Throughout the 125 years of its existence, Lucerna Palace has been home to many restaurants and cafes, but one of the first was the Japanese teahouse Yokohama, created by the Hlouch brothers.
The brothers traveled Japan extensively and were great admirers of the country. They first introduced their teahouse at the 1908 Jubilee Exhibition of the Chamber of Commerce and Trade at the Prague Exhibition Centre. Their idea was so popular that they decided to move the teahouse to the Lucerna building.
Today, Lucerna Palace is an integral part of the Czech capital. It would likely be difficult to find someone across the country who has not heard of Lucerna. It was built 125 years ago by the grandfather of the first president of the Czech Republic, Václav Havel.
Originally, he planned to build an ice hockey and winter sports stadium, but the land was too small for such a huge project, so he decided to build Lucerna. Construction took place over 14 years between 1907 and 1921, spanning the entirety of the First World War.
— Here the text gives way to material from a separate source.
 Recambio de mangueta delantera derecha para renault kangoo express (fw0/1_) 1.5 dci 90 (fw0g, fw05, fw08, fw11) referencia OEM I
The concept of the Japanese teahouse caught the eye of the developer Václav Havel, and he offered the Hlouch brothers the space to create their business.
Instead of vices?
In 1909, Czech World magazine featured the teahouse, encouraging Prague’s residents to descend into the “underground of Lucerna”.
“Like a colourful lantern, the colours of the Orient are shining,” the magazine continued, “girls in fiery robes are passing by. Would you like to have a cup of tea tonight? Escape for a moment from the peaceful flow of Czech life?”
The ‘geisha’ staffing the tearoom were Czech girls dressed in Japanese kimonos. The presence of geisha was suspicious to some Prague residents, who imagined the tearoom as a brothel of sorts.
The newspapers of the time set the record straight. In 1910 the Mládenec magazine printed the following: “An explanation is needed for the article about the Geisha in the last issue. By the word ”geisha”, the writer meant a girl intended to serve guests. As is well known, in Japan they have their own teahouses instead of our restaurants and one of them was opened in Prague. The Yokohama Teahouse is a purely Czech establishment and we know nothing derogatory about it.”
The business proved to be popular among Prague residents and enjoyed a great boom for several years. However, at the end of the 1920s, the owners ran into financial difficulties and had to close the teahouse.
The Yokohama Teahouse was replaced by the restaurant Zimní zahrada.